GP: I have three two-day-a-week jobs all of which I see as ministry and each of which sees itself as full-time! It’s very stimulating but exhausting.
Firstly, I’m senior pastor of a small but growing Anglican church which just finished a major redevelopment, with a child-care center and a minister’s house designed for a Christian live-in missional community. It’s in the non-Bible-belt, working-class western suburbs of Melbourne. My time in the factory was a good apprenticeship for this. They’re rough diamonds too.
Secondly, I founded and run Ethos: Evangelical Alliance Centre for Christianity & Society. It focuses on equipping Christians to display Christ-like character as individuals and in institutions, and on their public and professional lives as the public people of God. We publish two magazines, sponsor peer-reviewed academic research, and have received Publication of the Year awards from the Australasian Religious Press Association.
Our major annual event is the Faith and Work Award in association with Ridley College where I taught for 12 years. It’s for Christians who over a lifetime have displayed integrity of character and integration between their faith and work. Awardees have included businesswomen, the director of our Australian broadcasting Commission, a leading journalist, and a female director of Employment Plus job-finding agency.

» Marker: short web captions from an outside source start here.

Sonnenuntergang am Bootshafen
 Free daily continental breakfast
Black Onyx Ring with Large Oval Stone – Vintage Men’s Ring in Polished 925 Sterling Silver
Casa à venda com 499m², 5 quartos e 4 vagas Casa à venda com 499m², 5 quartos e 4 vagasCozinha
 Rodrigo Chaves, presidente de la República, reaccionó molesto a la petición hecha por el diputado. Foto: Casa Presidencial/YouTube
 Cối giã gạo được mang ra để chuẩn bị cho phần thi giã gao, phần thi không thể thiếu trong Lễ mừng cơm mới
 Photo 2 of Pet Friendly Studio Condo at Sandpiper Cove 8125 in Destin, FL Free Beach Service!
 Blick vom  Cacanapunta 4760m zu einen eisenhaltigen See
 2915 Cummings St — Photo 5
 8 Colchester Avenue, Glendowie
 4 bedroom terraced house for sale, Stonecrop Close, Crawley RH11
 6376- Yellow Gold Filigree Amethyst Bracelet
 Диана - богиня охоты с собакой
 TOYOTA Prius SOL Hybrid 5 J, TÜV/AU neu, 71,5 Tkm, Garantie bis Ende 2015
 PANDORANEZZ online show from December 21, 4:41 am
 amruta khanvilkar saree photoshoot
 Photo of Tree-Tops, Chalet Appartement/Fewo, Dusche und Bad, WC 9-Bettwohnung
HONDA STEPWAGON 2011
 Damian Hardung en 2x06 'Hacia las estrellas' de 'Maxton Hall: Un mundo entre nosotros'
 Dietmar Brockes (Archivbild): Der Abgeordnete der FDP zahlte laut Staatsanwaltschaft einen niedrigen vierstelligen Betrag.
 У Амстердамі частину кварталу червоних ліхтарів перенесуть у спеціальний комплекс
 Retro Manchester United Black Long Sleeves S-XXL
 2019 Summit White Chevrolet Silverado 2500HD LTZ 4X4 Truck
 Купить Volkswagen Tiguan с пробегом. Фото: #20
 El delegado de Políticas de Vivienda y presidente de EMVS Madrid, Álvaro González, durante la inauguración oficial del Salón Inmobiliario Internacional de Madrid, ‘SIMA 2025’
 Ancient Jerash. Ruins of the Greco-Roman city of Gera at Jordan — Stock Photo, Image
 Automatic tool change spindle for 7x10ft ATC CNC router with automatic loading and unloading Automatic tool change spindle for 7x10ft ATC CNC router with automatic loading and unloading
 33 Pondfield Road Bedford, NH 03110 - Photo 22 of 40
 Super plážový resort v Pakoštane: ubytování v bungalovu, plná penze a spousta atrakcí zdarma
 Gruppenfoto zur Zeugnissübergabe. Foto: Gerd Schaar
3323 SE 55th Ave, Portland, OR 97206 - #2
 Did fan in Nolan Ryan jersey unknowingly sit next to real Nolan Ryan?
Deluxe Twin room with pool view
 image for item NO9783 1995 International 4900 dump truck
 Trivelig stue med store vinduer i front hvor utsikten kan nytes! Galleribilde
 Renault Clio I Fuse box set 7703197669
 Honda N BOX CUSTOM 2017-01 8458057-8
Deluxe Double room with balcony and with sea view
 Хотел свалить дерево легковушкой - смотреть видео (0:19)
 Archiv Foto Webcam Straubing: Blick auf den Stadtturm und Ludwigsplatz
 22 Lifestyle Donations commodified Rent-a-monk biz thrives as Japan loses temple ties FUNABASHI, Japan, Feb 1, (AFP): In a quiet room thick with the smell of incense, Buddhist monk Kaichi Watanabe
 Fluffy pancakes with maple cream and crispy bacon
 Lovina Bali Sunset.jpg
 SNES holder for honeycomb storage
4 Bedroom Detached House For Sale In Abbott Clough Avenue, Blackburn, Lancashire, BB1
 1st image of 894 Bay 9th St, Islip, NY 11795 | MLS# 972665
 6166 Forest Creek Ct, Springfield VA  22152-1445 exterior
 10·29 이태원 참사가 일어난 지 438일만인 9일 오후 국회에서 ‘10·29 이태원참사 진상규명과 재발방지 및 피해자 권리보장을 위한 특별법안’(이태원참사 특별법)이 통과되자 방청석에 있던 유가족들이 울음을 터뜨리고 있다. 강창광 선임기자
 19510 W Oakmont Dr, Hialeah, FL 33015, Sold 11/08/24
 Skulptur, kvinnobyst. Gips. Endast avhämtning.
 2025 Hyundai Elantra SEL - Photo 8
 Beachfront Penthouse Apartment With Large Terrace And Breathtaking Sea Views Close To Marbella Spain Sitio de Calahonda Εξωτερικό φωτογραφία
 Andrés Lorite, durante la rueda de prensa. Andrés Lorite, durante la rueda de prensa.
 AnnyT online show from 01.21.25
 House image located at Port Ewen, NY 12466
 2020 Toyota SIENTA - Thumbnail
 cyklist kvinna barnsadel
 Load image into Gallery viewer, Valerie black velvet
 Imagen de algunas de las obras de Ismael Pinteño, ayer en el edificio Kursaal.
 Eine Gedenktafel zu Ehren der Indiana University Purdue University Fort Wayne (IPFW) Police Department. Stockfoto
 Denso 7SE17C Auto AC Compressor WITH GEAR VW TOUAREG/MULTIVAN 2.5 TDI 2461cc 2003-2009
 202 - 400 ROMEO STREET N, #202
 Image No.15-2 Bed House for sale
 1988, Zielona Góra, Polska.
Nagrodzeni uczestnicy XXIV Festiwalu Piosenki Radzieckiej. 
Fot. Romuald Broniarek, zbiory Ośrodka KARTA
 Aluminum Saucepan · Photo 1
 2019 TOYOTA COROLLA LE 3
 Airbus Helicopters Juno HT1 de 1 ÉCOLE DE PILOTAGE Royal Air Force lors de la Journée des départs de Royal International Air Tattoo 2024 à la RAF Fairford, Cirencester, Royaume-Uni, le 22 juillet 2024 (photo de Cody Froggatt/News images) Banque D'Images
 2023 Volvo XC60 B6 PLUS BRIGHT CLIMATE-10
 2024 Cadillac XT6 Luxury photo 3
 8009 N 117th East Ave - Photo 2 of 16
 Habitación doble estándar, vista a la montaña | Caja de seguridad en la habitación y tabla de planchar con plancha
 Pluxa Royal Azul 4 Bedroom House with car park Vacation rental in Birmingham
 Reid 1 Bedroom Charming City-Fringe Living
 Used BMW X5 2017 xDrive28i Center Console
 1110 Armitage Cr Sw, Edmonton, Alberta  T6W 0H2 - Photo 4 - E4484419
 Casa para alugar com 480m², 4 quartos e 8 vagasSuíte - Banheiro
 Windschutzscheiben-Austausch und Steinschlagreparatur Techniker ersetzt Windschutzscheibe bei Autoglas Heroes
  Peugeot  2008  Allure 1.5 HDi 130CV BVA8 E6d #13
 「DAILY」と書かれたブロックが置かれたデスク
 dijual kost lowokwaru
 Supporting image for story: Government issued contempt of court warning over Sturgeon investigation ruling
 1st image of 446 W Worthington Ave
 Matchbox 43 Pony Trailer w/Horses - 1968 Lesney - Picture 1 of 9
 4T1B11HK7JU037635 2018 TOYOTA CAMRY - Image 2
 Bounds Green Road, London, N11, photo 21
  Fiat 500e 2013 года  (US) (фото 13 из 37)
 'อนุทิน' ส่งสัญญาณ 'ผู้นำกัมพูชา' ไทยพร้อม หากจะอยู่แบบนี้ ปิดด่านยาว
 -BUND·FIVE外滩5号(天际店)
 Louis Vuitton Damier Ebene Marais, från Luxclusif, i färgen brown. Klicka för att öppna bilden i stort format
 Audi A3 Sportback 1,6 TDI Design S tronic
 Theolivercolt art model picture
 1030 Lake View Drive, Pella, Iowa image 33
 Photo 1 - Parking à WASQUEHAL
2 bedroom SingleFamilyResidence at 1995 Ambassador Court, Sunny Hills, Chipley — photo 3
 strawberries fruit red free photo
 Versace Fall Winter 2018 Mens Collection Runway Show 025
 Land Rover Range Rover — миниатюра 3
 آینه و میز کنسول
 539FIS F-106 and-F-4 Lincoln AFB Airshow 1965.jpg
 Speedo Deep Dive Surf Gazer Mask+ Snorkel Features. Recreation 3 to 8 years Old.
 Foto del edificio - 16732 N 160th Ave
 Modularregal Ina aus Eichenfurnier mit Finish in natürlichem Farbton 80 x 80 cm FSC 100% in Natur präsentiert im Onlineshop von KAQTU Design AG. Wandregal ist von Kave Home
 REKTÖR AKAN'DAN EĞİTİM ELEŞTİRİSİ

Thirdly, I am also founding Director of RASP, the research Centre for Religion and Social Policy of the University of Divinity, an esteemed ecumenical theological college. A rasp is like a file, a bit like the biblical “iron sharpening iron.” We are currently focusing on the areas of Ecology, Economy, and Wellness and Health. We are looking at ecologically and economically sustainable alternatives to our current economic system in partnership with a Catholic welfare agency and a secular university sustainability institute.
Another project concerns precarious work or the Precariat, the name for what used to be called the proletariat or working class. We’re concerned about the bad health, ethical and relational effects on people in insecure labor, especially with robotization looming and threatening millions of jobs. My concern for the working class hasn’t left me.
TGR: What vision do you have for the future of those ministries and for the movement in general?
GP: My vision is related to my doctoral work: the viability of vocation in a changing, hyper-mobile work world, a world which often offers people work which does not display the full dignity and kingly creational vocation of ruling the world responsibly and sustainably (Gen 1:26-28). People made in God’s image have royal blood running in their veins and we should never let them forget it.
A doctrine of calling or vocation, seeing work as ministry, should not be a middle-class western luxury. We in the faith and work movement should never forget the majority world, the world of slavery, child labor, and back-breaking domestic, agricultural and mobile migratory labour. We are not here to merely baptize work as it is with a sprinkling of water, but to immerse the world of work in the renewing power of Christ and the Spirit, both personally and structurally.
TGR: What problems do you think the movement still needs to address?
GP: Certainly the above, but also the still relative invisibility of the work of women. Faith and work is still a very male-dominated movement. We need more females in leadership voicing their unique take on biblical perspectives on work. My friends and colleagues Katherine Leary Alsdorf, Alice Matthews, Wendy Simpson and Kara Martin are great pioneers in this, but we need many more. I once put my ministry on the line in being the first male in the Anglican movement agitating for the ordination of women in Sydney, Australia. Hence I now live in Melbourne! I’d love to see more and more women ordained or commissioned to the work and ministry of everyday work.